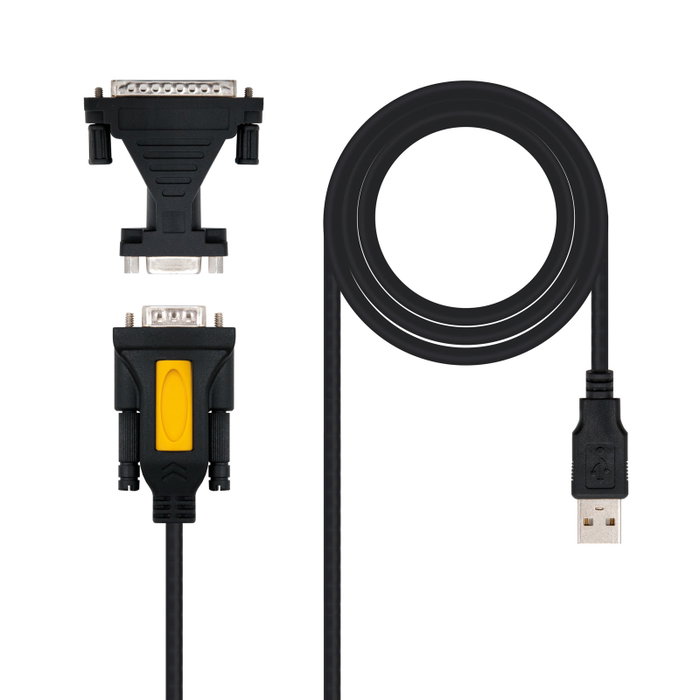 Nanocable Câble Convertisseur USB - A vers RS232 DB9 Mâle avec Adaptateur DB25, 1.8 m, Noir, Compatible Windows/Mac/Linux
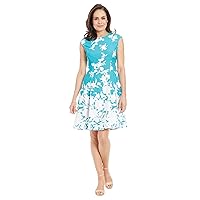 London Times Women's Perfect Versatile Scuba Crepe Fit & Flare Dress Event Guest of Occasion Office Career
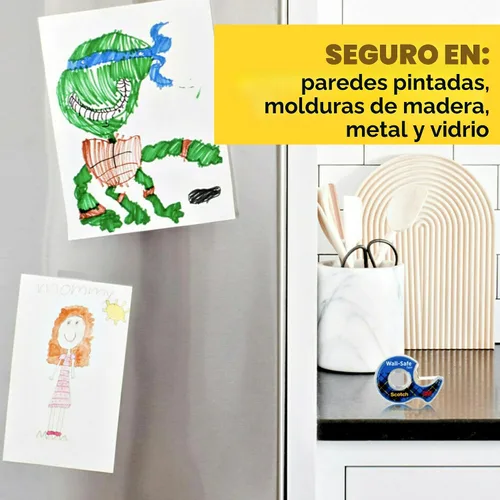 Miniatura 8 de Scotch Cinta segura para pared, 1 rollo dispensador, cinta extraíble segura para pared, para colgar fotos, arte, decoración, 3/4 pulgadas x 650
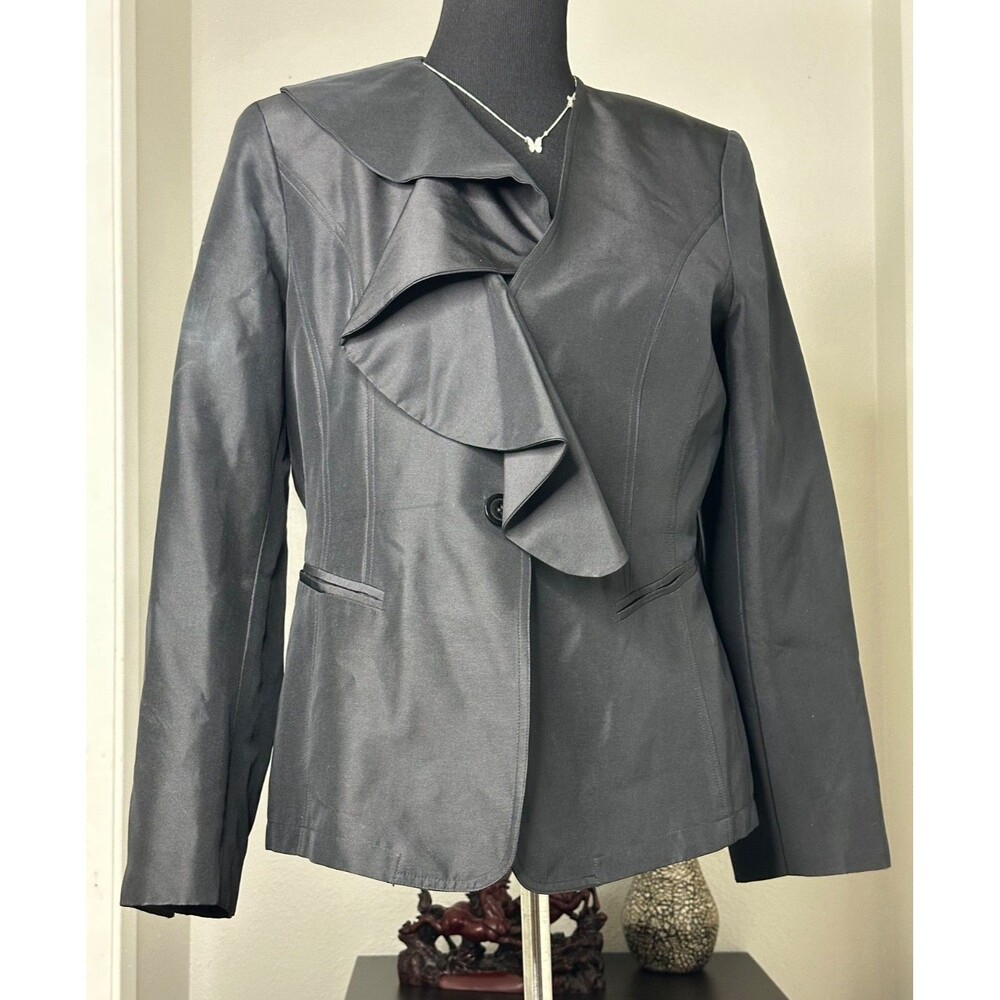 Neiman Marcus Exclusive 100% Silk Ruffle Asymmetric Blazer Jacket Grey Size 12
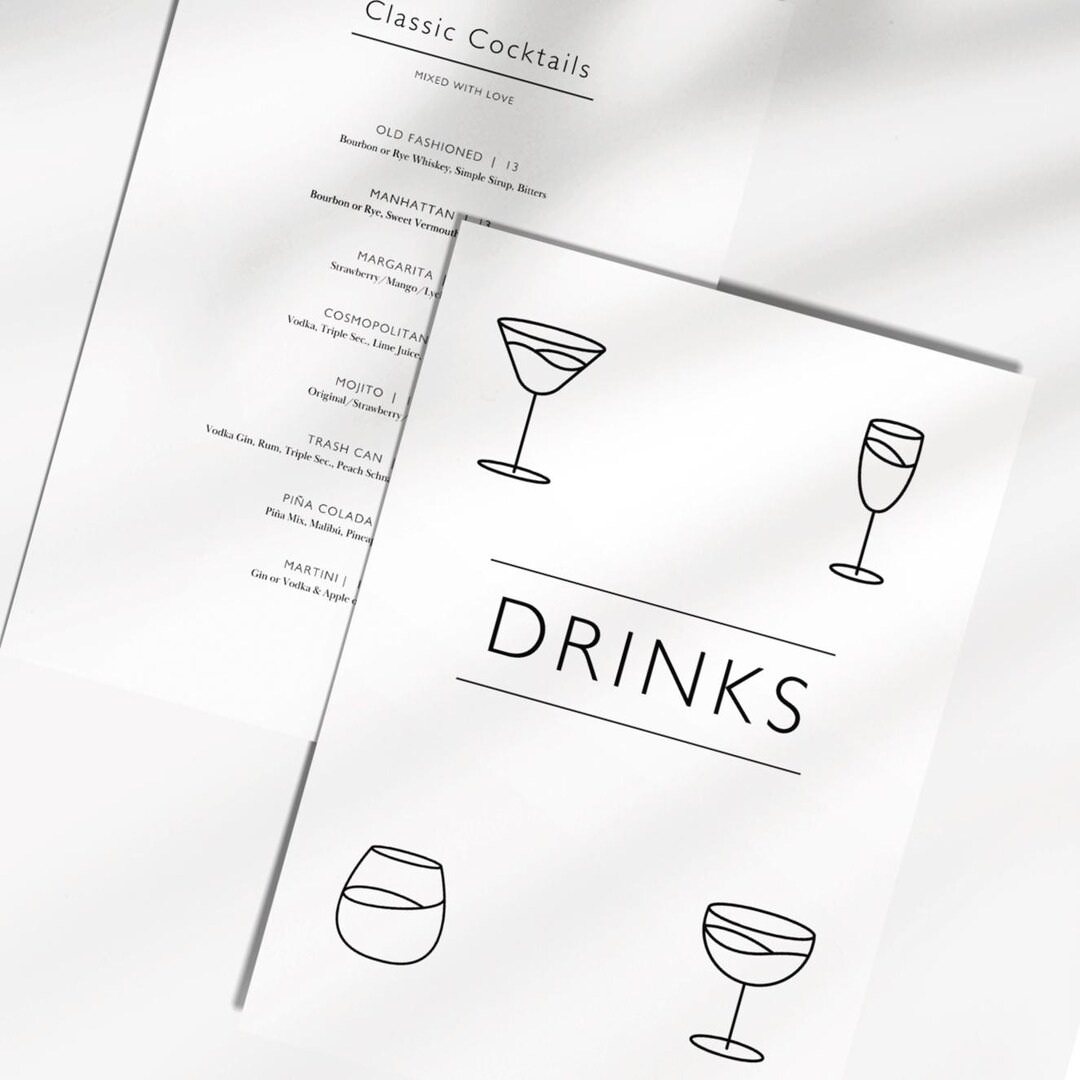 Example Personalised Cocktail Menu Editable Cocktail List for Bars & Restaurants 4x6 Elegant Drink Menu ...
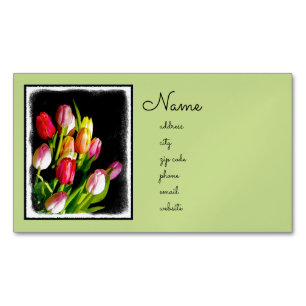 Cartão De Visitas Magnético Tulip Painting - Arte Flor Original
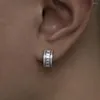 Hoop kolczyki Mężczyźni Kobiety zablokowane Bling 5a Cubic Zirkonia utwardzone małą okrągłą CZ Huggie Earring dla miłośników biżuterii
::::::::::
**WHAT IS BEING ASKED**
Write each entry again exactly, minus any images.

**ANSWER BELOW**
 Nanocable Câble Convertisseur USB - A vers RS232 DB9 Mâle avec Adaptateur DB25, 1.8 m, Noir, Compatible Windows/Mac/Linux
 London Times Women's Perfect Versatile Scuba Crepe Fit & Flare Dress Event Guest of Occasion Office Career
 Miniatura 8 de Scotch Cinta segura para pared, 1 rollo dispensador, cinta extraíble segura para pared, para colgar fotos, arte, decoración, 3/4 pulgadas x 650
 Neiman Marcus Exclusive 100% Silk Ruffle Asymmetric Blazer Jacket Grey Size 12
 Example Personalised Cocktail Menu Editable Cocktail List for Bars & Restaurants 4x6 Elegant Drink Menu ...
 Cartão De Visitas Magnético Tulip Painting - Arte Flor Original
 Hoop kolczyki Mężczyźni Kobiety zablokowane Bling 5a Cubic Zirkonia utwardzone małą okrągłą CZ Huggie Earring dla miłośników biżuterii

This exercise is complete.